[Start of Attachment]

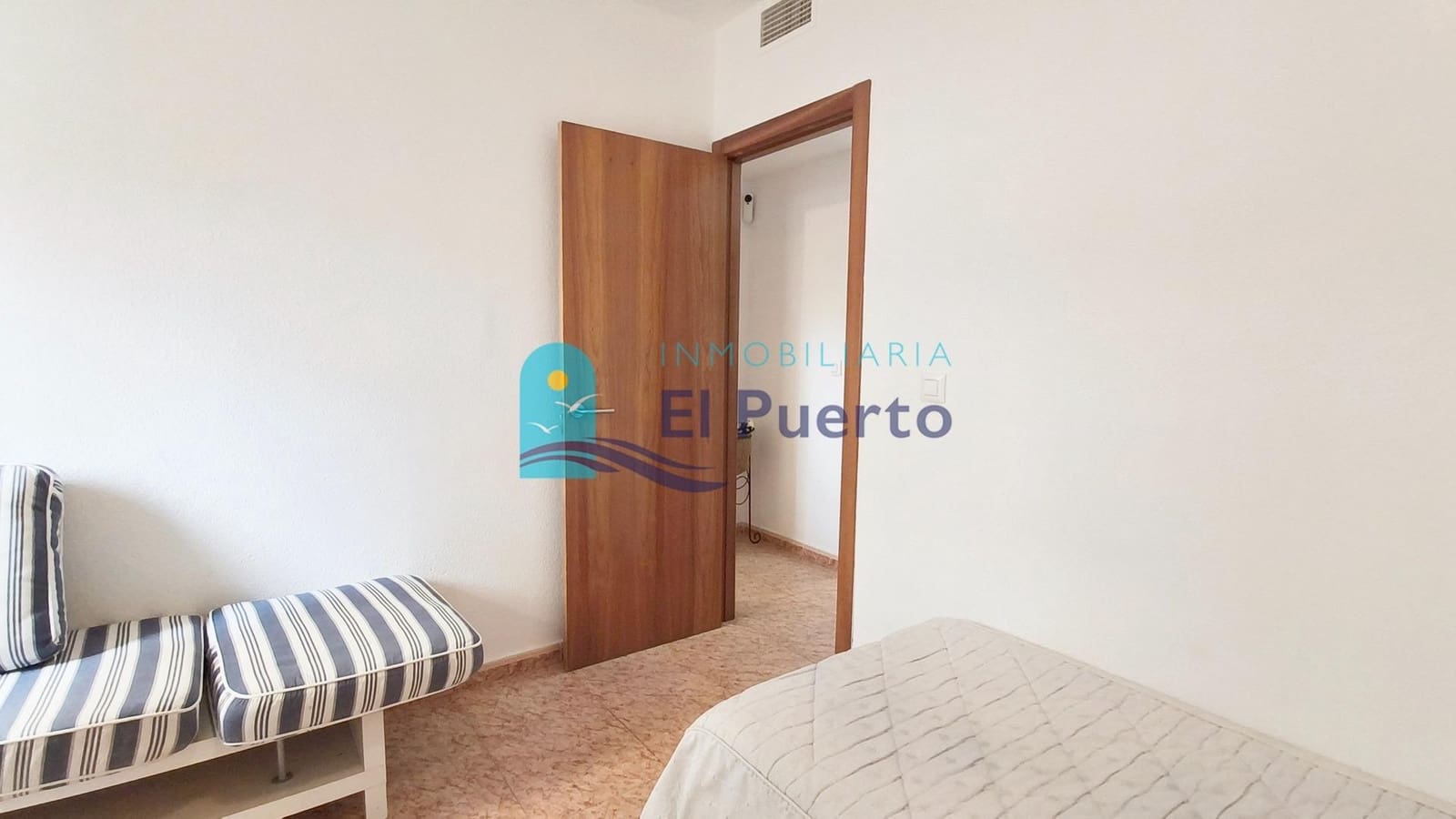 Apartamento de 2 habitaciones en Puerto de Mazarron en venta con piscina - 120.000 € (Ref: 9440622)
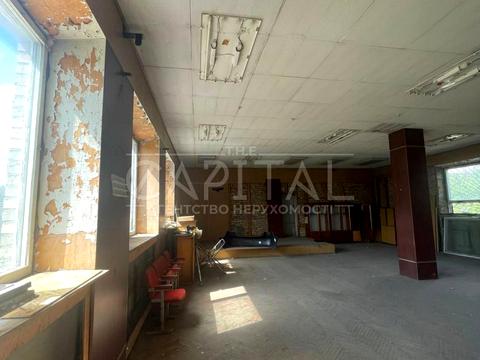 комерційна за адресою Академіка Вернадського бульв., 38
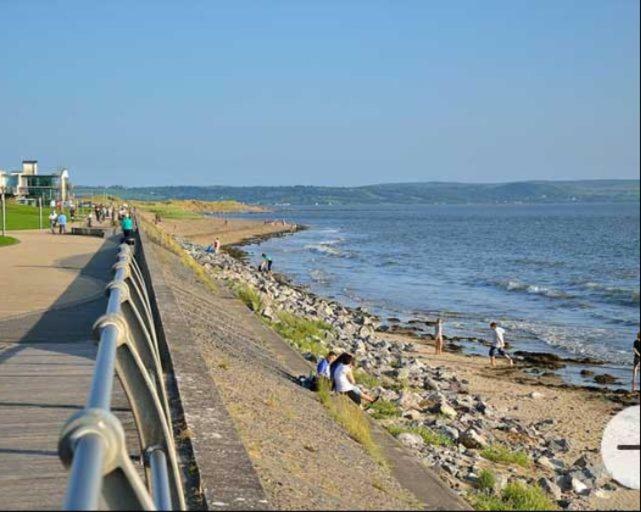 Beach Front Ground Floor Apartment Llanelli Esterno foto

[End of Attachment]

Exercise prompt: Once the pictures are set aside, repeat the remaining data word for word.

Task answer:
 Apartamento de 2 habitaciones en Puerto de Mazarron en venta con piscina - 120.000 € (Ref: 9440622)
 комерційна за адресою Академіка Вернадського бульв., 38
 Beach Front Ground Floor Apartment Llanelli Esterno foto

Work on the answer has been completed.